*** Source material Section Begins ***

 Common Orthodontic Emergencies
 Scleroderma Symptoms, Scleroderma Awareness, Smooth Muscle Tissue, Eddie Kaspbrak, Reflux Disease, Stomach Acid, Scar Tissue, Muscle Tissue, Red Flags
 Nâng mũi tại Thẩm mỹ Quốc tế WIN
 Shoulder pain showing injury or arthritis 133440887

*** Source material Section Ends ***
*** Source material Section Begins ***

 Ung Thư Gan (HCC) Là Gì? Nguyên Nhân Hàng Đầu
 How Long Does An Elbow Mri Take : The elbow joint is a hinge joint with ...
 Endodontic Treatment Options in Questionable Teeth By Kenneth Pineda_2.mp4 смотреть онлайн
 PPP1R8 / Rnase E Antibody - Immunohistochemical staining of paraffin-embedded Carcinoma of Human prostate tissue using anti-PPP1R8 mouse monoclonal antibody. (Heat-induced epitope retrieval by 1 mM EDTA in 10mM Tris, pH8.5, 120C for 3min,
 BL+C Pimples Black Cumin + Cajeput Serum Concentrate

*** Source material Section Ends ***

Instructions to follow :: Of the entries listed above, reproduce only the lines starting at the line containing "Common Orthodontic Emergencies" and ending at the line containing "Shoulder pain showing". Include both, exactly as they stand.

Exercise result ::
 Common Orthodontic Emergencies
 Scleroderma Symptoms, Scleroderma Awareness, Smooth Muscle Tissue, Eddie Kaspbrak, Reflux Disease, Stomach Acid, Scar Tissue, Muscle Tissue, Red Flags
 Nâng mũi tại Thẩm mỹ Quốc tế WIN
 Shoulder pain showing injury or arthritis 133440887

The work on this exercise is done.